Não bastasse isto, em várias regiões férteis estão sendo criadas fazendas de eucaliptos. Vastas áreas antes ocupadas para culturas de subsistência, de pequenas propriedades rurais foram adquiridas para plantio de pinus e eucaliptos, ambos modificados geneticamente, exclusivos para fabricação de celulose. Tanto quanto na América Latina, o processo é excludente: Planta-se o eucalipto, que cresce em seis ou sete anos, consome água, nutrientes da terra, contamina o terreno por mais de 20 anos, impede outras culturas, provoca desemprego. Na época do corte tratamento e cloramento, estes processos são feitos na África. A pasta, limpa, pronta para agregar mais valia, é exportada para o primeiro mundo. O processo de purificação e cloramento da celulose é extremamente poluente, e os resíduos, é bom lembrar, ficam todos na região produtora.


 


 


Alguém tem que ser mau, adivinha quem?


 


 


Para o imperialismo, é fundamental a dominação e o lucro. Afinal, se durante o período do tráfico negreiro foi preciso uma Bula Papal garantir que não seria pecado a escravidão, já que os negros não tinham alma, agora é necessário demonizar os africanos de outra maneira. Para os conservadores e neoliberais, o importante é convencer, com uma certa sutileza, a inferioridade racial dos povos que exploram. Desta forma, qualquer reação do povo oprimido é interpretada como ausência de juízo crítico ou moral. E obviamente que a mídia está a serviço desta ideologia. Descrever a África como um continente de pagãos (sem nem saber direito o que é paganismo), criticar os governantes africanos, principalmente os que  desacordam das regras e normas estabelecidas pelo neoliberalismo,  quando o que deveria ser criticado são justamente as posturas capitalistas adotadas por alguns governantes.


 


 


Assim como os piratas somalis, denunciados por  grande parte  da mídia como facínoras mercenários, vagando pelos mares a procura de inocentes vítimas que transportam pasmem “ajuda humanitária” para seu próprio povo.
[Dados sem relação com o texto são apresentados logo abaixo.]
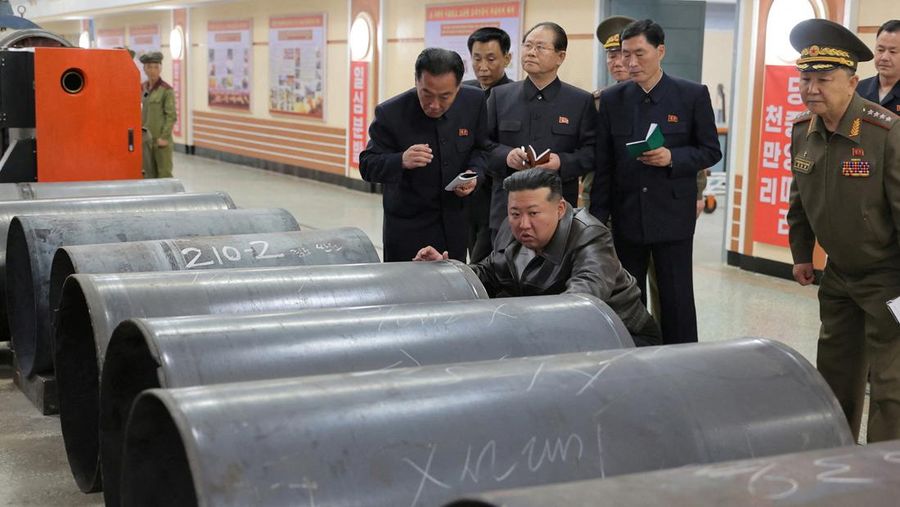 Pemimpin Korea Utara Kim Jong Un mengunjungi sebuah pabrik yang memproduksi kerang dan mesin di lokasi yang tidak disebutkan di Korea Utara, dalam gambar yang dirilis pada 7 Mei 2025 oleh Kantor Berita Pusat Korea resmi Korea Utara. (KCNA via REUTERS)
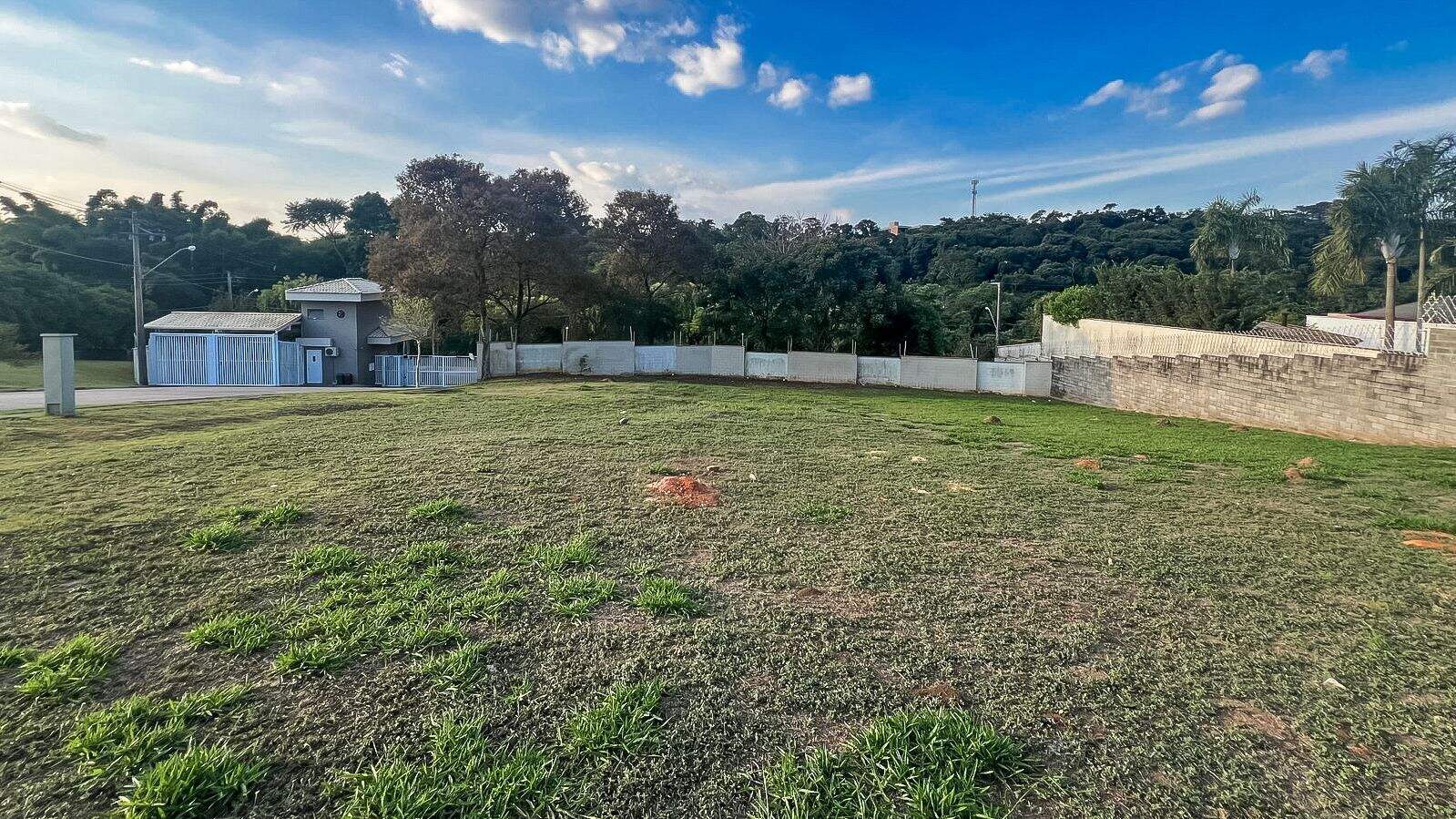 Terreno à venda no Chácara Malota:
Buenas, em tempos de internet, ao menos para quem procura outros motivos em mídias alternativas, eles aparecem. Como no caso dos somalis do Chifre da África, que atacam os navios que vão para lá despejar lixo tóxico italiano, francês e estadunidense em suas praias, além de outros “civilizados” que não respeitam suas águas e, com seus potentíssimos navios pesqueiros, fazem a “limpa” em sua região de pesca. Agora, vamos supor que fosse um miserável navio somali a invadir as águas territoriais estadunidenses, francesas ou italianas.



 


 


Cabe a nós, agora, não acreditarmos mais nas bulas papais.